Plan content sources for the cloud Search service application (cloud SSA) in SharePoint Server that cover all on-premises content except the sensitive content. The metadata for the crawled content is added the search index in Office 365.
Plan enterprise search in SharePoint Server to crawl the sensitive, on-premises content, see Plan search in SharePoint Server. Plan content sources for the SSA that cover the sensitive content. The metadata from the crawled, sensitive content is added to the search index in SharePoint Server.
If your users need results from the Office 365 search index in on-premises SharePoint sites, plan hybrid federated search from SharePoint Server to display search results from the search index in SharePoint Server and from the search index in Office 365, see Plan hybrid federated search for SharePoint Server.

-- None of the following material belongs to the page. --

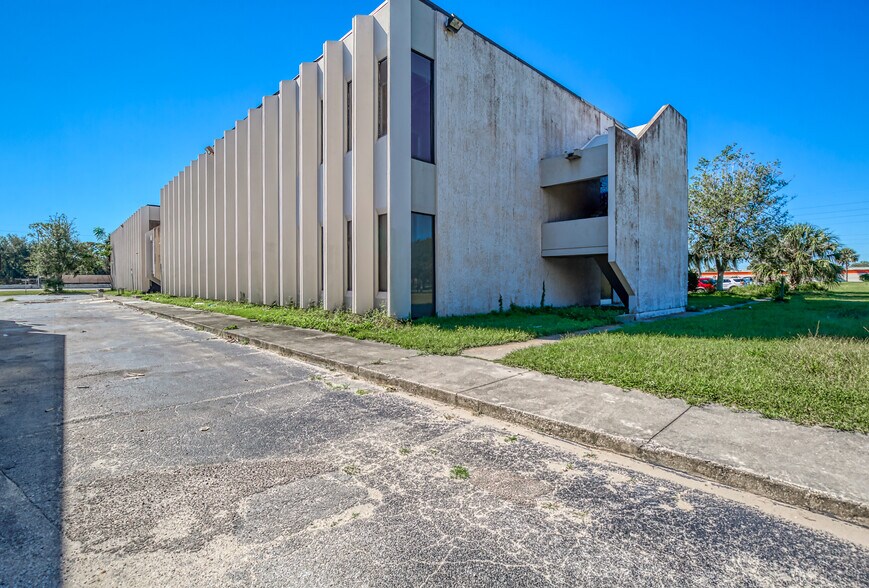 More Photos Of 6501 Arlington Expy, Jacksonville Office Residential For Lease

Plan to validate cloud hybrid search before exposing it to your users
After you've created and set up the cloud SSA and completed a full crawl, your Office 365 Search Center shows both on-premises and online search results. We recommend that you validate and tune the new search experience in a separate Search Center, while keeping the original search experience unchanged.
Plan for a custom result source that limits your Search Centers in Office 365 to only show Office 365 content. The following illustration shows an environment where you can validate and tune how your hybrid search results are shown:
On-premises content. During crawl, metadata from this content is added to the Office 365 search index.
Office 365 content. During crawl, metadata from this content is added to the Office 365 search index.
Default (or existing) Office 365 Search Center. You create a custom result source for this Search Center, which limits search results to show only Office 365 content. .
New Office 365 Search Center, where you validate and tune how hybrid search results are shown. This Search Center uses the default result source and shows search results from both on-premises and Office 365 content. You set up access so only testers and administrators have access to this site.
Although you can keep the original search experience unchanged while tuning, you can't keep the original Office Delve experience unchanged. When metadata from on-premises content is in the Office 365 search index, Delve will display this content.